» **What is needed**
The copy must hold every line from the one with "Тюль ESTUDI BLANCO" through the end of the listing, word for word, and must hold no pictures.

» **Dataset extract**
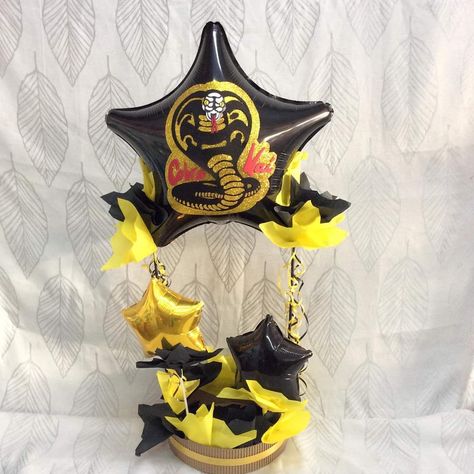 Cobra Kai Party Ideas, Cobra Kai Birthday Party Ideas, Cobra Kai Birthday Party, Karate Inspiration, Diy Floral Mirror, Corba Kai, Karate Kid 3, Kobra Kai, Karate Birthday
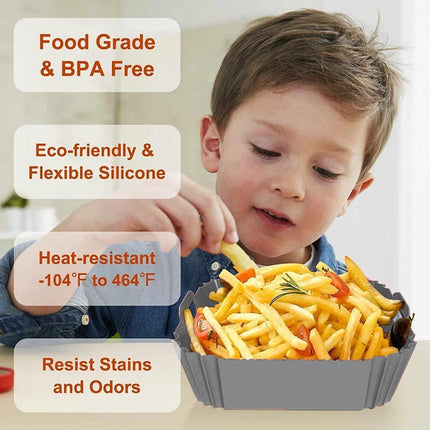 Air Fryer Silicone Pot Basket Liner Non Stick Reusable Baking Tray Accessories
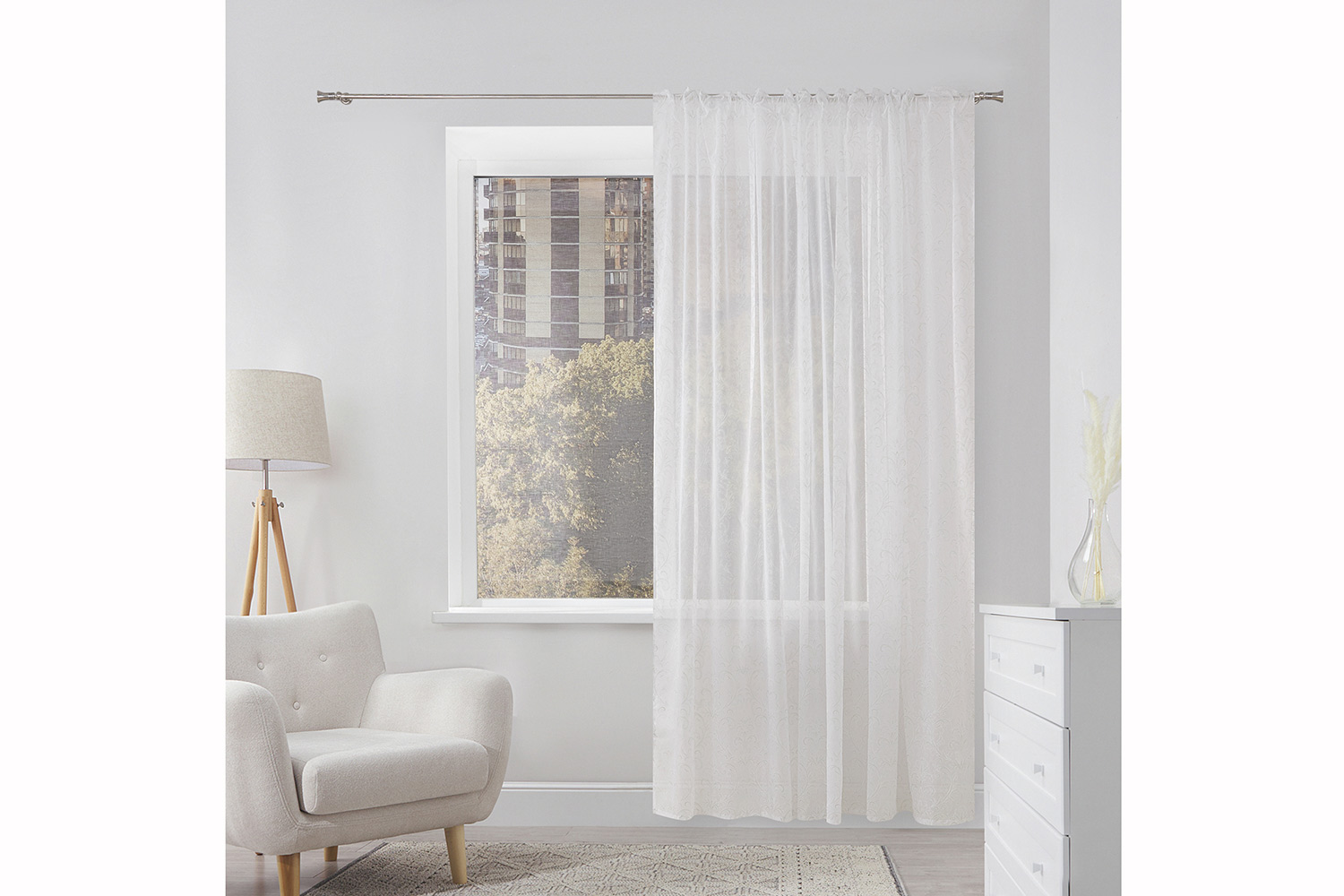 Тюль ESTUDI BLANCO Allegra 300х260 см, 1 шт., цвет белый, зелёный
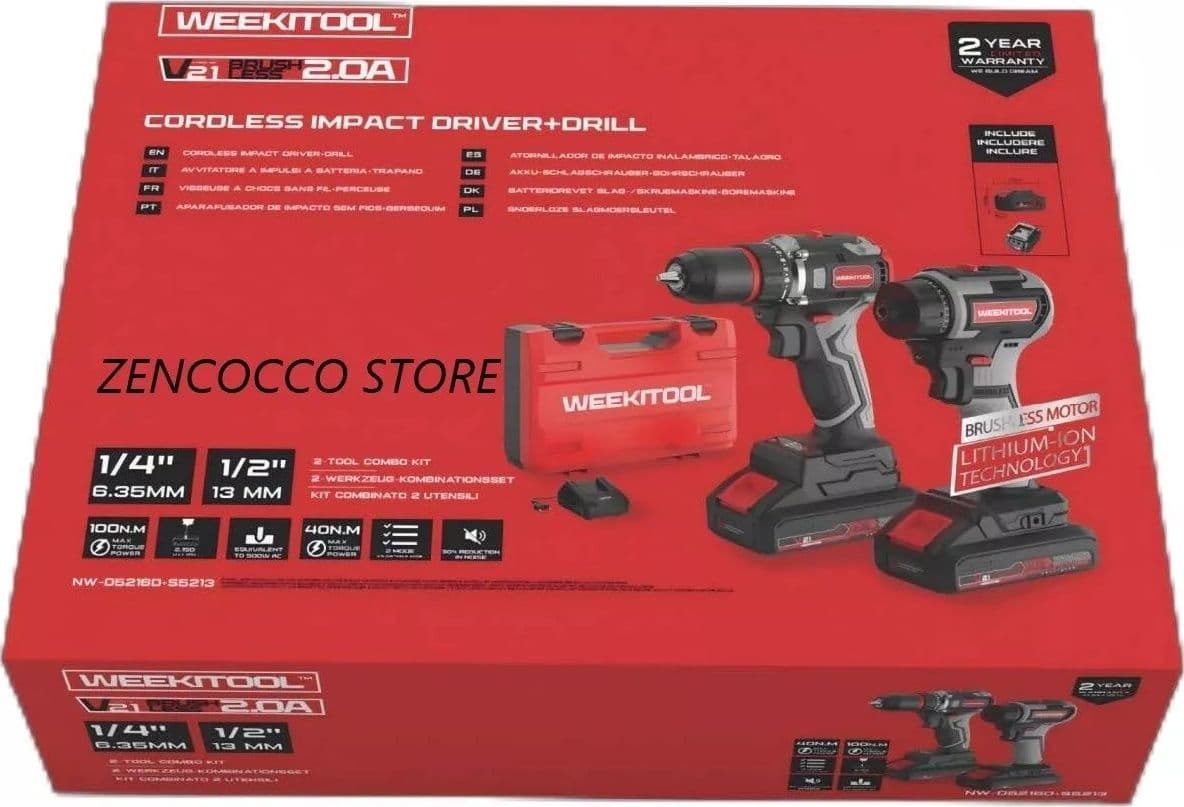 Trapano Avvitatore + Avvitatore a Impulsi 2 Batterie 21V 2.0Ah NW-D5216D+S5213 in Avvitatori a massa battente Zencoccostore - Formia, commercioVirtuoso.it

» **Output for this exercise**
 Тюль ESTUDI BLANCO Allegra 300х260 см, 1 шт., цвет белый, зелёный
 Trapano Avvitatore + Avvitatore a Impulsi 2 Batterie 21V 2.0Ah NW-D5216D+S5213 in Avvitatori a massa battente Zencoccostore - Formia, commercioVirtuoso.it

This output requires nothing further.